Segundo os técnicos responsáveis pela qualidade do ar que respiramos, bastam nove horas de combustão duma lareira a lenha não certificada, para provocar tanta poluição atmosférica por via da emissão de monóxido de carbono, óxido de azoto e partículas finas, como o uso normal dum automóvel recente a gasolina, durante um ano. Uma vez respirados, estes elementos em suspensão na atmosfera instalam-se nas nossas vias respiratórias, causando graves danos na saúde das populações, sobretudo àqueles que sofrem de asma ou que têm problemas cardíacos.

Segundo o senhor Alain de Sousa, um dos altos responsáveis da Câmara Municipal de Montreal, esta medida é apenas mais uma etapa, num longo caminho que tem por objectivo final a proibição pura e simples do uso de lareiras a lenha na nossa região, pretendendo desta forma dotar a nossa cidade com um dos regulamentos mais severos em toda a América do Norte, no que concerne este tipo de instalações. É que, segundo dados oficiais de 2007 os fumos nocivos provocados pelo aquecimento das habitações a lenha representam 47% do total das emissões de partículas finas na atmosfera, e são o principal responsável pela formação de smog durante o Inverno. A nível provincial esta percentagem desce para 44%.

Assim, hoje em dia, todas as novas habitações que possuem lareira, dependendo do custo que os compradores queiram dispender na sua aquisição, vêm equipadas com lareiras a gás, as mais caras, ou eléctricas mais económicas. Devemos mencionar que, hoje em dia, uma boa lareira a gás reproduz exactamente o tipo de calor, e, efeitos visuais e acústicos, que as velhas lareiras a lenha…menos o cheirinho da madeira a arder, claro!
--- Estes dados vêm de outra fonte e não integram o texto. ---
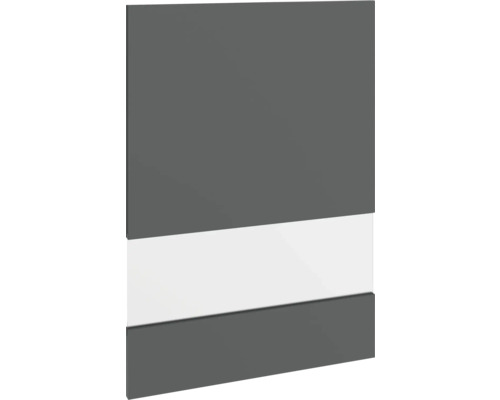 Čelo nábytku s bílým vodorovným pruhem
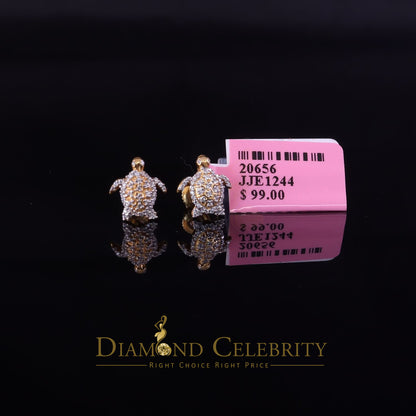 DiamondCelebritees  925 Sterling Yellow Silver 0.50ct Cubic Zirconia Turtle Earring Women & Men's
O leitor em Portugal, que nunca foi sensibilizado para este tipo de poluição, vai achar isto mais um preciosismo made in Canada. Nós por aqui, dentro de alguns anos, se quisermos desfrutar do crepitar da combustão duma cavaca numa velha lareira, teremos de nos deslocar para os grandes espaços virgens das florestas, onde a reduzidíssima densidade populacional ainda não impõe medidas desta natureza.